(Caption-style text data)
==================================================
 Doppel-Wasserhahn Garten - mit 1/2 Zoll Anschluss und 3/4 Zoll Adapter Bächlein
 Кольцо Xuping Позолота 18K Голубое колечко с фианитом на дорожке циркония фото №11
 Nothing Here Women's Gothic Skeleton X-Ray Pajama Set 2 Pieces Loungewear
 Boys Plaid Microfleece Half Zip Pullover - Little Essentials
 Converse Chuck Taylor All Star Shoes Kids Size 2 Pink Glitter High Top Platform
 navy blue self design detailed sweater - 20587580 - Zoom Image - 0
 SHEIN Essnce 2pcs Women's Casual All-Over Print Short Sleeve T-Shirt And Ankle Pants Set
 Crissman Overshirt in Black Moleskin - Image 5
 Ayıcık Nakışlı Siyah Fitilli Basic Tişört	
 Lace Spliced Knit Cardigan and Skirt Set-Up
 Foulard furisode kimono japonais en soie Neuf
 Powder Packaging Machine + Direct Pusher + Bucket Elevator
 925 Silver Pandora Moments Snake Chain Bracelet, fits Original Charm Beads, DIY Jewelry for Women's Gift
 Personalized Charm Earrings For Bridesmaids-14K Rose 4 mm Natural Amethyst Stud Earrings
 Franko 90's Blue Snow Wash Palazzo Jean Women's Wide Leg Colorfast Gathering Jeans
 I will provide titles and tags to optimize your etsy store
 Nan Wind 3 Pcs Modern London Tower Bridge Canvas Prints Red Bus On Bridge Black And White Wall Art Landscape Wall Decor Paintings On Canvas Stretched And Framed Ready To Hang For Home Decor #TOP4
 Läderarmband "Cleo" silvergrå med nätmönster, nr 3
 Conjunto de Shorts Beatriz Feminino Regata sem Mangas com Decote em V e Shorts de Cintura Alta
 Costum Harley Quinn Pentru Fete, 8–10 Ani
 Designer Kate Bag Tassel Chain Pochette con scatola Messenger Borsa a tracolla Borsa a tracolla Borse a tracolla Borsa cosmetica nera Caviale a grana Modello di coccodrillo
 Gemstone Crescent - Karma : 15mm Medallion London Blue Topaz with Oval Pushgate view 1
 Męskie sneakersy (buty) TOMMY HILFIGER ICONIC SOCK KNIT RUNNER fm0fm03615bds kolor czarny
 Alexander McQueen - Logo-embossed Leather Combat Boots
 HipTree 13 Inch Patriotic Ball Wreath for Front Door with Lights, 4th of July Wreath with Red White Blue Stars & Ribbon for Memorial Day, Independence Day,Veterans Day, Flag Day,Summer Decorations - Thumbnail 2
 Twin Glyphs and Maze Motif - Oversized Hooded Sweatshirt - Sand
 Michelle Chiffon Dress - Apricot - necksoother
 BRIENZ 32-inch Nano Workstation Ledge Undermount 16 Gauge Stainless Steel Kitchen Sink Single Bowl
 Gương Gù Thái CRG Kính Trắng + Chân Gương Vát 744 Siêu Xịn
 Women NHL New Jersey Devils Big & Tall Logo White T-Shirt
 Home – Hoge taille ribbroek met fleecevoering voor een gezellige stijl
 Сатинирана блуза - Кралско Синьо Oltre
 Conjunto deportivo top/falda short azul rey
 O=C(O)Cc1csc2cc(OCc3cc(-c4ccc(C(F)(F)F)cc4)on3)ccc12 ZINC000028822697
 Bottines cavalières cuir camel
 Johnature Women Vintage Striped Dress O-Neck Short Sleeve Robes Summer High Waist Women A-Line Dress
==================================================
**PROBLEM TO WORK ON**
What you return must be an exact retyping of the lines above starting at the line with "Powder Packaging Machine" and ending at the line with "Bottines cavalières cuir camel", and nothing besides.

**COMPLETED TASK**
 Powder Packaging Machine + Direct Pusher + Bucket Elevator
 925 Silver Pandora Moments Snake Chain Bracelet, fits Original Charm Beads, DIY Jewelry for Women's Gift
 Personalized Charm Earrings For Bridesmaids-14K Rose 4 mm Natural Amethyst Stud Earrings
 Franko 90's Blue Snow Wash Palazzo Jean Women's Wide Leg Colorfast Gathering Jeans
 I will provide titles and tags to optimize your etsy store
 Nan Wind 3 Pcs Modern London Tower Bridge Canvas Prints Red Bus On Bridge Black And White Wall Art Landscape Wall Decor Paintings On Canvas Stretched And Framed Ready To Hang For Home Decor #TOP4
 Läderarmband "Cleo" silvergrå med nätmönster, nr 3
 Conjunto de Shorts Beatriz Feminino Regata sem Mangas com Decote em V e Shorts de Cintura Alta
 Costum Harley Quinn Pentru Fete, 8–10 Ani
 Designer Kate Bag Tassel Chain Pochette con scatola Messenger Borsa a tracolla Borsa a tracolla Borse a tracolla Borsa cosmetica nera Caviale a grana Modello di coccodrillo
 Gemstone Crescent - Karma : 15mm Medallion London Blue Topaz with Oval Pushgate view 1
 Męskie sneakersy (buty) TOMMY HILFIGER ICONIC SOCK KNIT RUNNER fm0fm03615bds kolor czarny
 Alexander McQueen - Logo-embossed Leather Combat Boots
 HipTree 13 Inch Patriotic Ball Wreath for Front Door with Lights, 4th of July Wreath with Red White Blue Stars & Ribbon for Memorial Day, Independence Day,Veterans Day, Flag Day,Summer Decorations - Thumbnail 2
 Twin Glyphs and Maze Motif - Oversized Hooded Sweatshirt - Sand
 Michelle Chiffon Dress - Apricot - necksoother
 BRIENZ 32-inch Nano Workstation Ledge Undermount 16 Gauge Stainless Steel Kitchen Sink Single Bowl
 Gương Gù Thái CRG Kính Trắng + Chân Gương Vát 744 Siêu Xịn
 Women NHL New Jersey Devils Big & Tall Logo White T-Shirt
 Home – Hoge taille ribbroek met fleecevoering voor een gezellige stijl
 Сатинирана блуза - Кралско Синьо Oltre
 Conjunto deportivo top/falda short azul rey
 O=C(O)Cc1csc2cc(OCc3cc(-c4ccc(C(F)(F)F)cc4)on3)ccc12 ZINC000028822697
 Bottines cavalières cuir camel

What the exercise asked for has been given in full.